In saying that, some facilities in its new hospital building, like children’s emergency facilities, won’t be staffed.
Dalton says some of Canterbury DHB’s savings make sense – like not paying for software licences that aren’t being used, or barely are. That’s saved “a bit more than loose change”.
What her union is concerned about is the inability to fund necessary services, She points to pathology services, which are spread over several locations. “We’re very concerned about the negative impact it’s having both on the ability for necessary diagnostic work to be done but also the timeliness of that work.”

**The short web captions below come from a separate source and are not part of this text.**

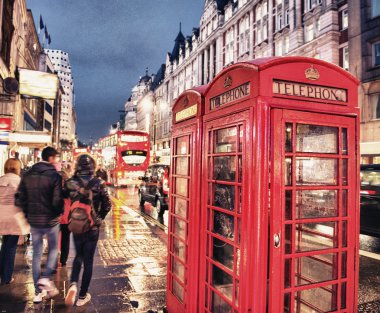 Londra'da gece kalabalık bir caddede kırmızı telefon kulübesi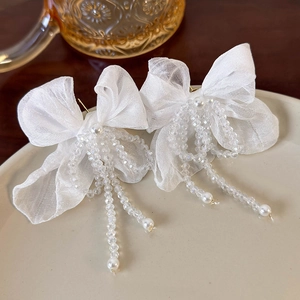 Detailed view of white mesh bow earrings with crystal tassel and faux pearl accents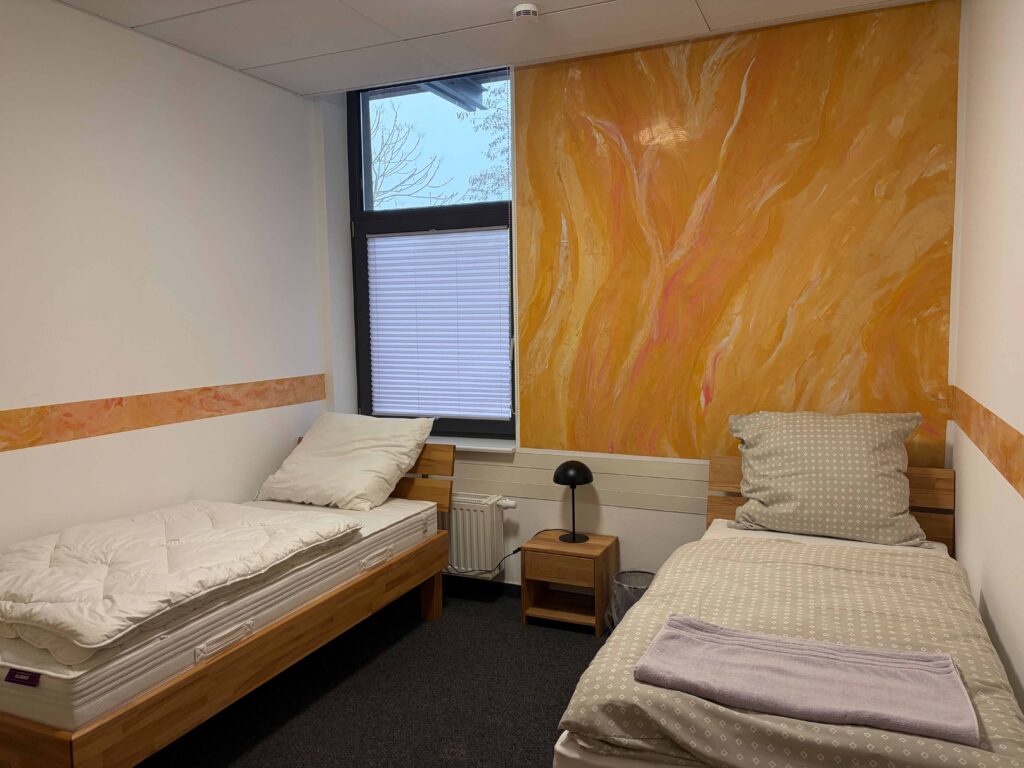 Azubi-Wohnheim in Waldshut: Zweibettzimmer mit gelber Wand.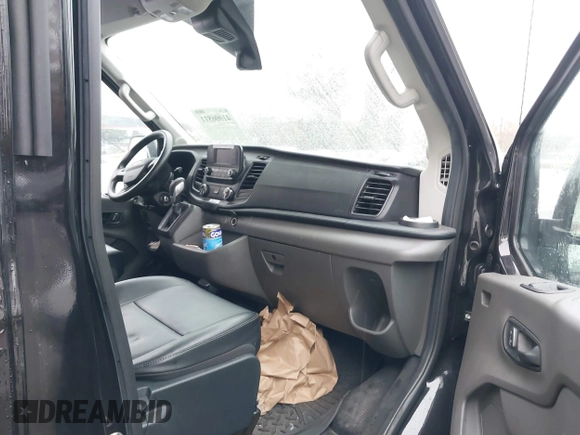 2022 Ford Transit Cargo z VIN 1FTBR3U85NKA64644, wystawiony jako IAAI lot #41006811 z przebiegiem 101 658 mil mil oraz . Historia ofert i sprzedaży dostępna na DreamBid. Obrazek 5.
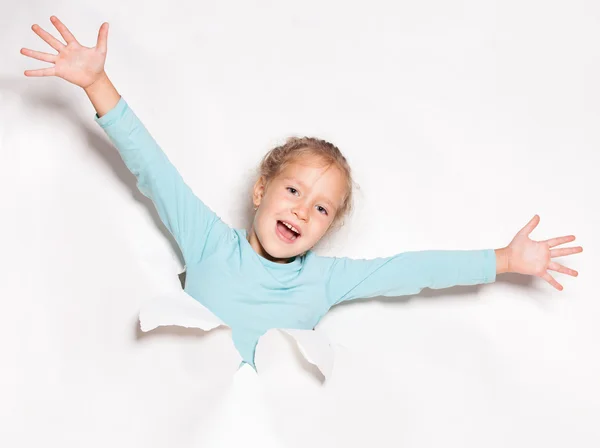 Kind op zoek uit een gat in papier — Stockfoto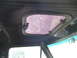1978 Ford Bronco - Close-up of a vehicle's interior roof showing a small, damaged pop-open window.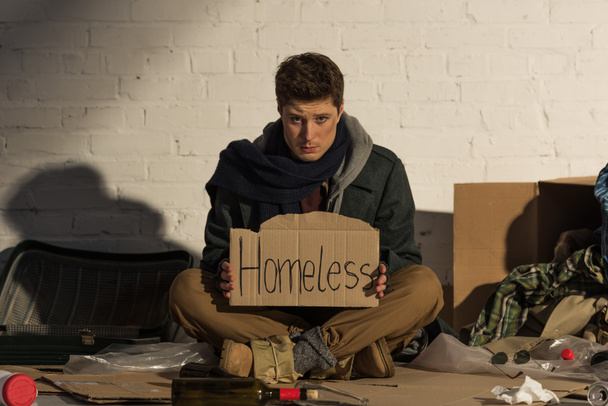 sad man sitting on rubbish dump and holding cardboard card with "homeless" handwritten text - Photo, Image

Leadership ructions at Canterbury come at a time of turmoil and change in health. The Government has announced it is scrapping DHBs. Midwives have walked off the job to strike, hospital nurses have voted to strike after rejecting a pay offer, and Dalton’s union has had a series of stop-work meetings.
Several hospital emergency departments, including Christchurch’s, have been issued with provisional improvement notices, with dire warnings if staffing levels don’t improve.
The pressure has been too much for some, with many experienced staff choosing to leave. The situation has been exacerbated by problems with immigration clearances for migrants.
A report from May last year said New Zealand has the highest proportion of migrant nurses in the OECD, and the second-highest proportion of overseas-trained doctors.